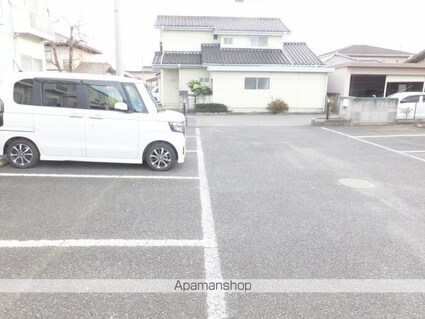 レオパレスユキコーポ７７[1K/26.08m2]の駐車場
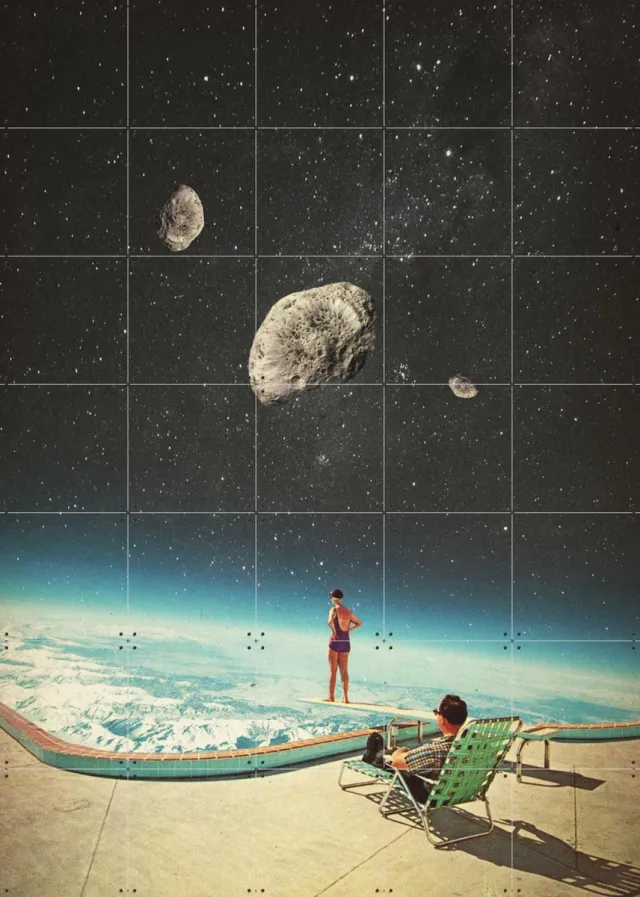 IXXI Summer with a Chance of Asteroids, Frank Moth - 100 x 140 cm - Grote wanddecoratie en posters - Surrealisme, Collage, Vintage, Pop art, Digitale Donkere tinten / Blauw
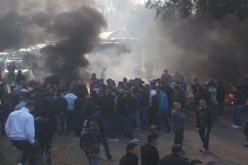 سكان قرية الصرى بوحنش يغلقون الطريق في تمالوس بسكيكدة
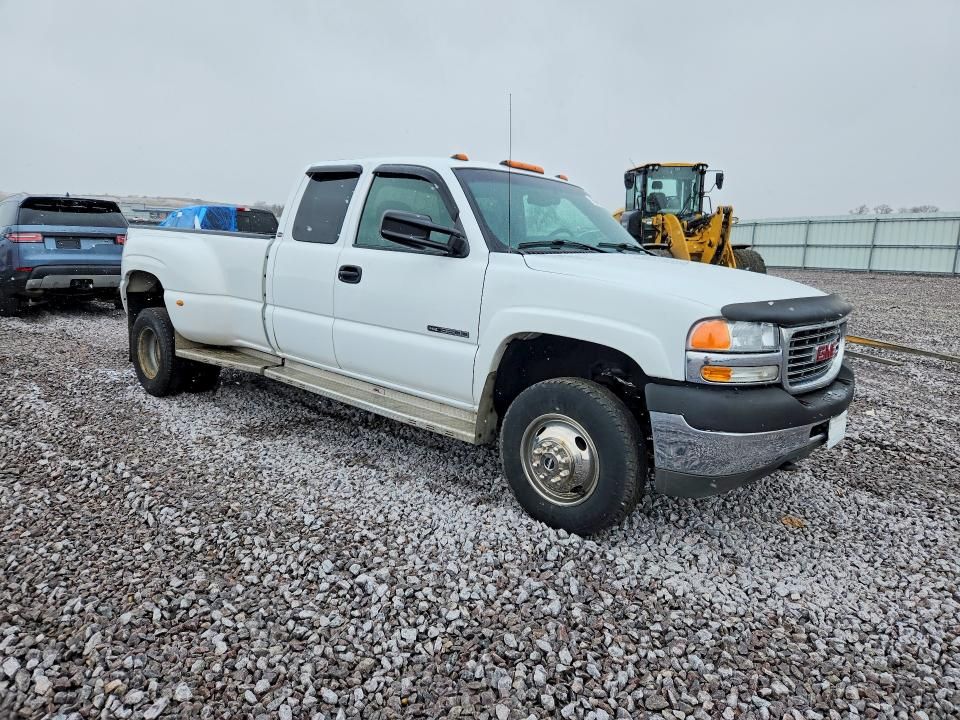2002 GMC New Sierra C3500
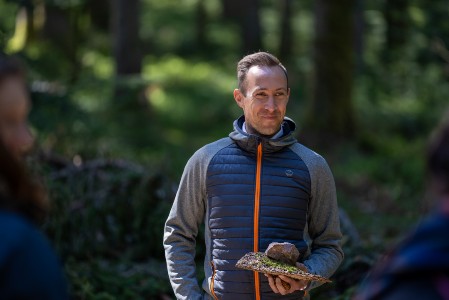 Mann mit Freude im Gesicht beim Waldbaden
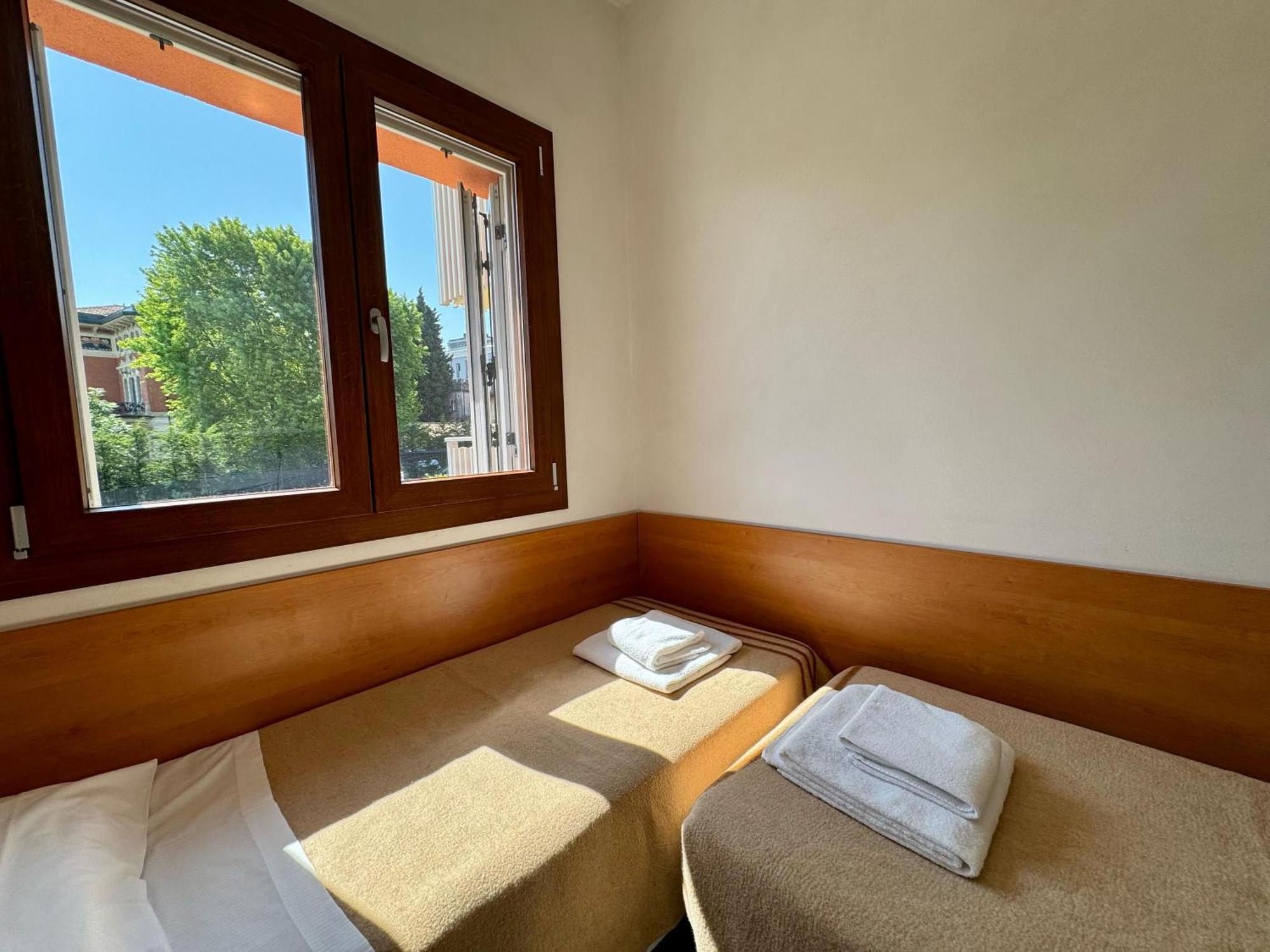 Easy Apartments Peschiera Peschiera del Garda Bagian luar foto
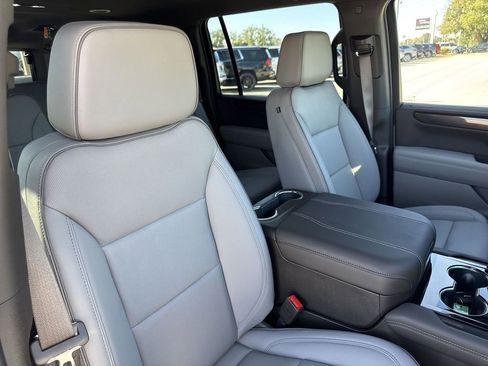 New 2026 GMC Yukon XL Elevation image 35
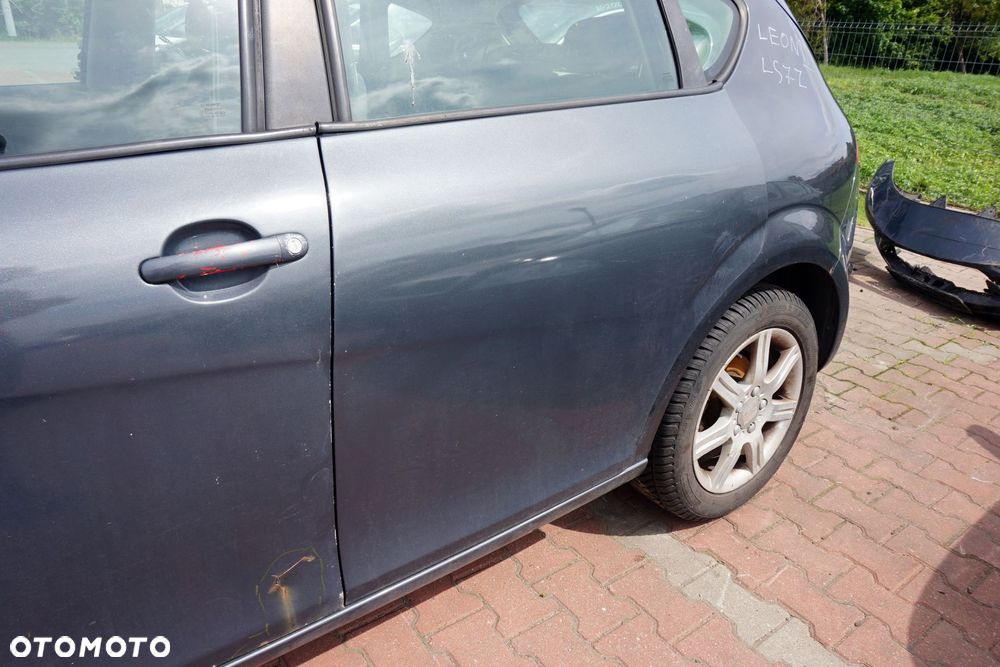 DRZWI TYLNE LEWE LEON II 1P1 5D HB LS7Z  CZARNY SEAT 2005-2009 - 2
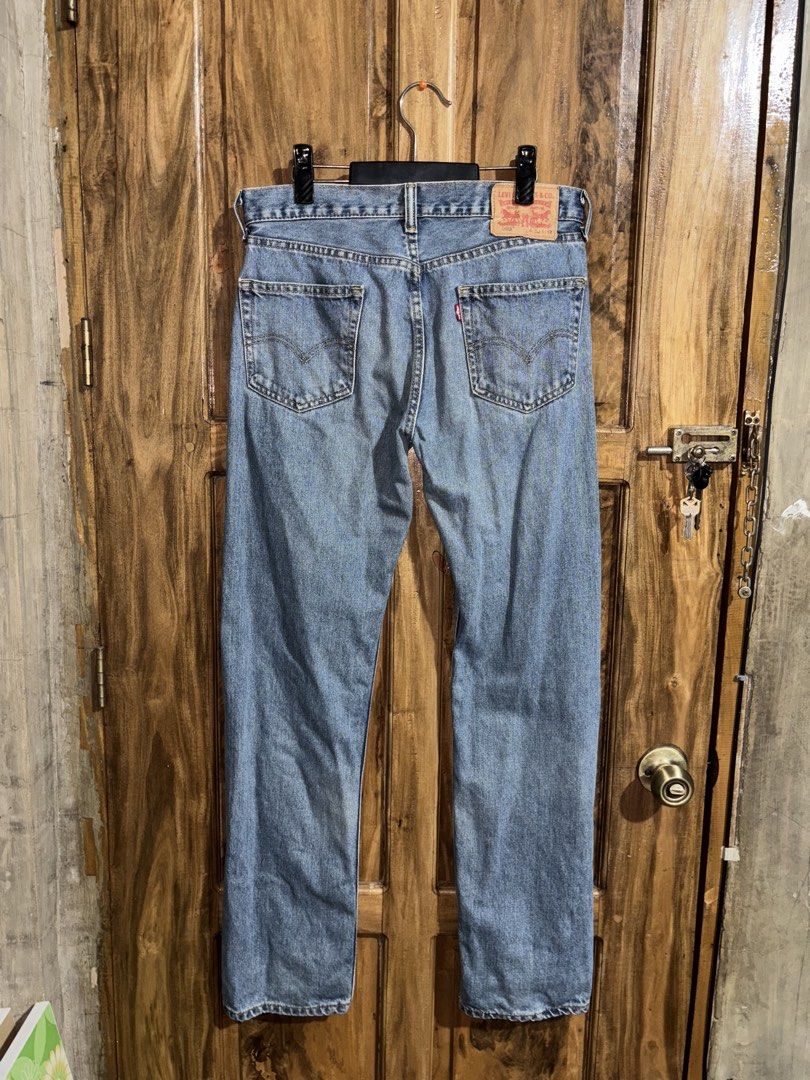 Levi’s 505 Regular Fit Straight Leg Jeans💙 (Category: Jeans) located in Maasin. Submitted by chevyferna66833 (Listing ID 1466444148, Image 1). Description: Levi’s 505 Regular Fit Straight Leg Jeans💙 Waistline 31-32 Length 41 Leg opening 10.5 Hem 7.5 Good condition Washed and ready to wear Mine 999.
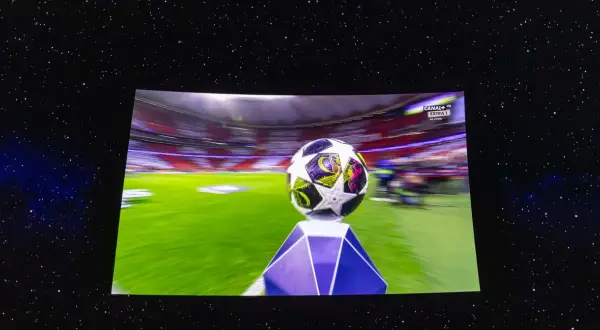 Piłka Ligi Europy na tle stadionu, gotowa do analizy statystyk meczowych.
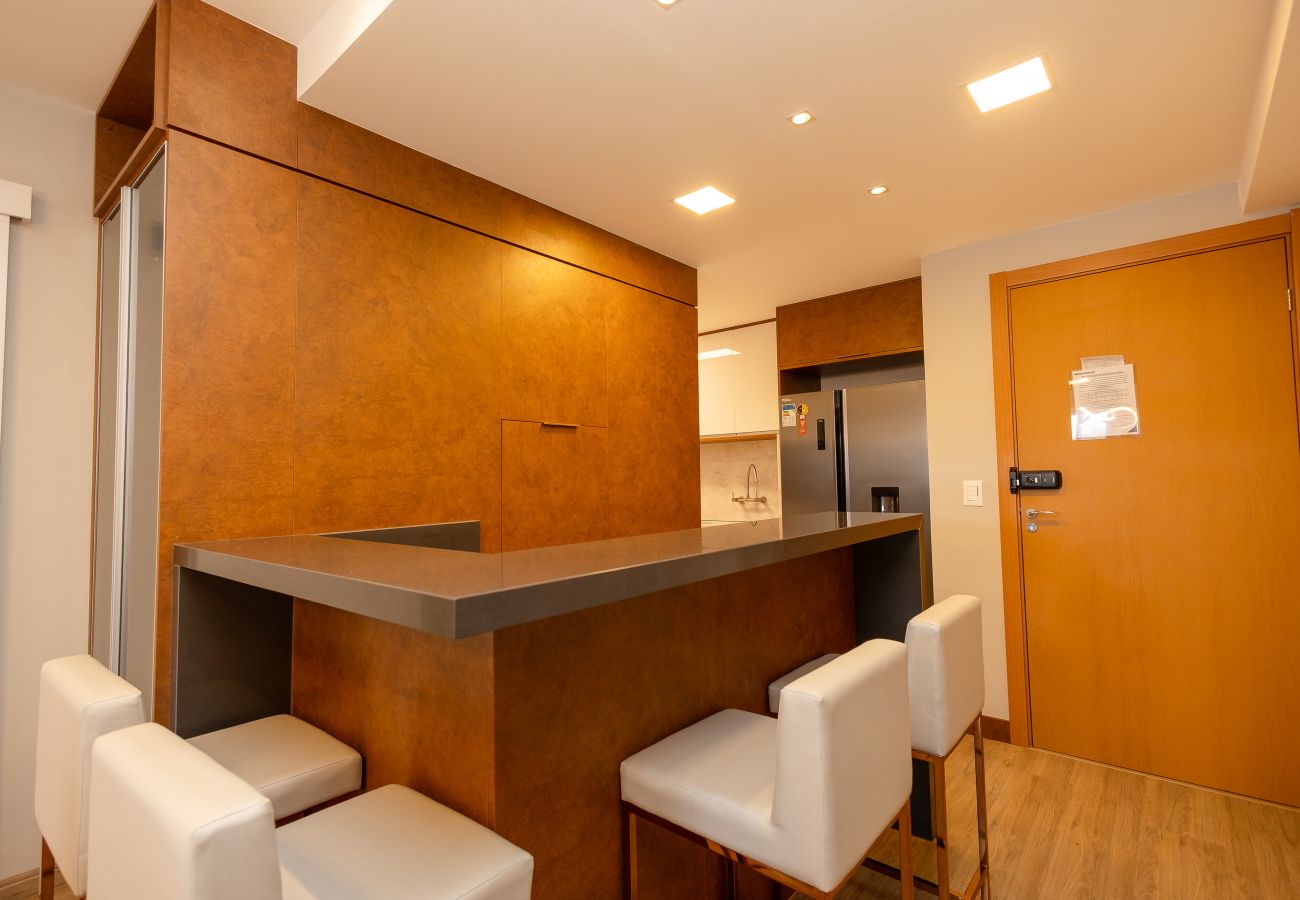 Apartamento em Gramado - Apto alto padrão 2 suítes no coração de Gramado!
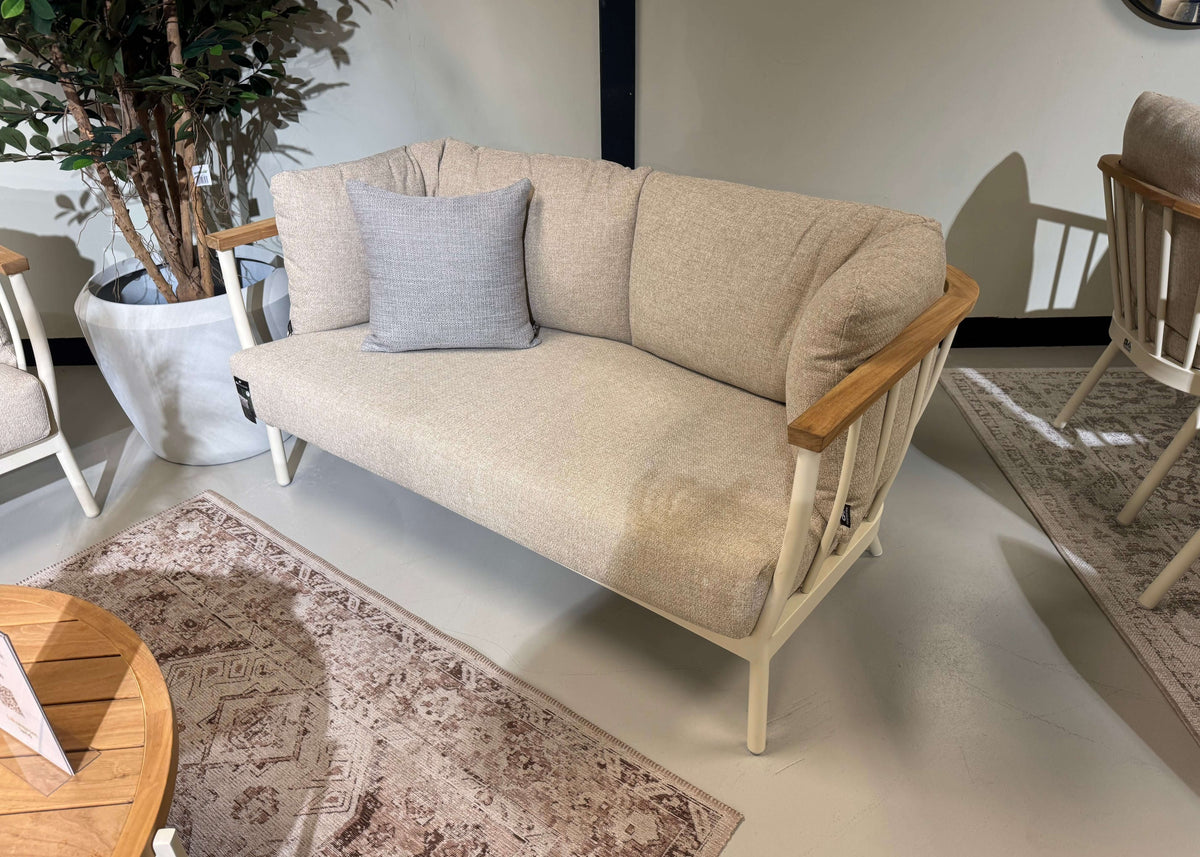 Apple Bee Condor Lounge Tuinbank 150cm Oyster showroommodel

▸ WHAT YOU HAVE TO DO
Type the entries again verbatim. Drop the images.

▸ RESPONSE TO THE EXERCISE
 レオパレスユキコーポ７７[1K/26.08m2]の駐車場
 IXXI Summer with a Chance of Asteroids, Frank Moth - 100 x 140 cm - Grote wanddecoratie en posters - Surrealisme, Collage, Vintage, Pop art, Digitale Donkere tinten / Blauw
 سكان قرية الصرى بوحنش يغلقون الطريق في تمالوس بسكيكدة
2002 GMC New Sierra C3500
 Mann mit Freude im Gesicht beim Waldbaden
 Easy Apartments Peschiera Peschiera del Garda Bagian luar foto
 New 2026 GMC Yukon XL Elevation image 35
 DRZWI TYLNE LEWE LEON II 1P1 5D HB LS7Z  CZARNY SEAT 2005-2009 - 2
 Levi’s 505 Regular Fit Straight Leg Jeans💙 (Category: Jeans) located in Maasin. Submitted by chevyferna66833 (Listing ID 1466444148, Image 1). Description: Levi’s 505 Regular Fit Straight Leg Jeans💙 Waistline 31-32 Length 41 Leg opening 10.5 Hem 7.5 Good condition Washed and ready to wear Mine 999.
 Piłka Ligi Europy na tle stadionu, gotowa do analizy statystyk meczowych.
 Apartamento em Gramado - Apto alto padrão 2 suítes no coração de Gramado!
 Apple Bee Condor Lounge Tuinbank 150cm Oyster showroommodel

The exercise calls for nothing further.